Namun, apabila suatu gugatan mengajukan tuntutan adanya perbuatan fitnah, maka implisitas keterkaitan ini hanya tertuju pada Pasal 311 KUHPidana tentang “beban pembalikan pembuktian” atau “The Reversal Burden of Proof” (“Omkering van de Bewijslast”), artinya apabila hakim menghendaki, maka Terdakwa wajib membuktikan apa yang dituduhkan (kepada pelapor) adalah benar. Dalam hal Terdakwa tidak berkehendak membuktikan tuduhan tersebut meskipun Hakim menghendakinya, maka ia (Terdakwa) melakukan perbuatan “fitnah” menurut Hukum Pidana. Jadi, sebenarnya yang harus dipertimbangkan dan diperiksa untuk institusi yudikatif adalah: apakah substansiel yang diberitakan itu mengandung kebenaran ataukah tidak, dan bukan mengenai artian gramatikal dari substansi tulisan dan gambar yang tidak ada relevansinya dengan makna kebebasan per situ sendiri.[5]

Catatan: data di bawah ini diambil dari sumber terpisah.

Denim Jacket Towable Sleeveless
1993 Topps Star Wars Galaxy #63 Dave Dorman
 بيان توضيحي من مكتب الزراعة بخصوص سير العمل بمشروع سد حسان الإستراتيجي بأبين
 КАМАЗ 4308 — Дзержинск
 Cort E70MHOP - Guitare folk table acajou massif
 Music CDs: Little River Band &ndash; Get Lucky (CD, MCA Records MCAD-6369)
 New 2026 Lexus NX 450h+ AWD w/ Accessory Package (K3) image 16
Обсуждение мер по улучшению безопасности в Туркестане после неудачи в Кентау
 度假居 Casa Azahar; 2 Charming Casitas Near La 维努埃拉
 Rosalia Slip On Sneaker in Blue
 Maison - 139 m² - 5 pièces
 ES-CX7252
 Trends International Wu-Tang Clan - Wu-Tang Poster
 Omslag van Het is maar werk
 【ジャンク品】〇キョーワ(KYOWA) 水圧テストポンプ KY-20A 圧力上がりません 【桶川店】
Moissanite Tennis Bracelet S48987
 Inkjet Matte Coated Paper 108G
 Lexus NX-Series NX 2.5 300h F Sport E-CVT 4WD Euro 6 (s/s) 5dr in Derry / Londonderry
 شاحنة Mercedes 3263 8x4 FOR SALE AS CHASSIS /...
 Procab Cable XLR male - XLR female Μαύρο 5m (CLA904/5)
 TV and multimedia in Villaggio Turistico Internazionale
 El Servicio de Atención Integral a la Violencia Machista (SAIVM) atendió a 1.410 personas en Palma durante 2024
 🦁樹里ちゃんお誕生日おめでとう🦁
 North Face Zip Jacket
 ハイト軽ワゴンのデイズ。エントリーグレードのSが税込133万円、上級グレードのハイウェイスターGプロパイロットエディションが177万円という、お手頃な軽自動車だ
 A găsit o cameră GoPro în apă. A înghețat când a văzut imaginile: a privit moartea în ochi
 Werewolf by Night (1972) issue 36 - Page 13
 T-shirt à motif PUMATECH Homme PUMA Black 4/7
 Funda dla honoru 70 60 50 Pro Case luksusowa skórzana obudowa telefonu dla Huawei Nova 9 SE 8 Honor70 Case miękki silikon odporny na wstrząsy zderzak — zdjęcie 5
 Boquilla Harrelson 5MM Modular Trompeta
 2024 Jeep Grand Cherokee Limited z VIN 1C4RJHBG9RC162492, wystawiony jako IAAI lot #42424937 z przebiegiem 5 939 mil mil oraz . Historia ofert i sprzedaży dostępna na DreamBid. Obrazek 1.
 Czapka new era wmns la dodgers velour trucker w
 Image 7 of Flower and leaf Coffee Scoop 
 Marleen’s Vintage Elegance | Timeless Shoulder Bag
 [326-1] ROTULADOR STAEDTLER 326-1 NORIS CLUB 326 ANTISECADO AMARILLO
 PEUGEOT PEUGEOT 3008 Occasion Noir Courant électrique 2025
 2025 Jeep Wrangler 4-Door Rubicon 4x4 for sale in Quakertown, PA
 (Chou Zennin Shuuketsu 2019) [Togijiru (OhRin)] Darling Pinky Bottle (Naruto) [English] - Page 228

MENGENAI UU NO.9 tahun 1998
Lahirnya UU no 9 tahun 1998 tentang kemerdekaan menyampaikan pendapat di muka umum kemudian menjadi perdebatan karena di anggap mengebiri kebebasan berekspresi masyarakat dalam hal menyampaikan pendapatnya.
Ini menjadi hal yang wajar karena hal tersebut dapat membatasi masyarakat termasuk mahasiswa dalam melakukan pengawasan dan kontrol terhadap kerja lembaga-lembaga politik yang ada di Negara ini. Mengingat lembaga-lembaga politik yang ada belum secara maksimal bekerja sesuai amanah yang di berikan melainkan berjalan hanya dengan logika kepentingan pribadi maupun golongan.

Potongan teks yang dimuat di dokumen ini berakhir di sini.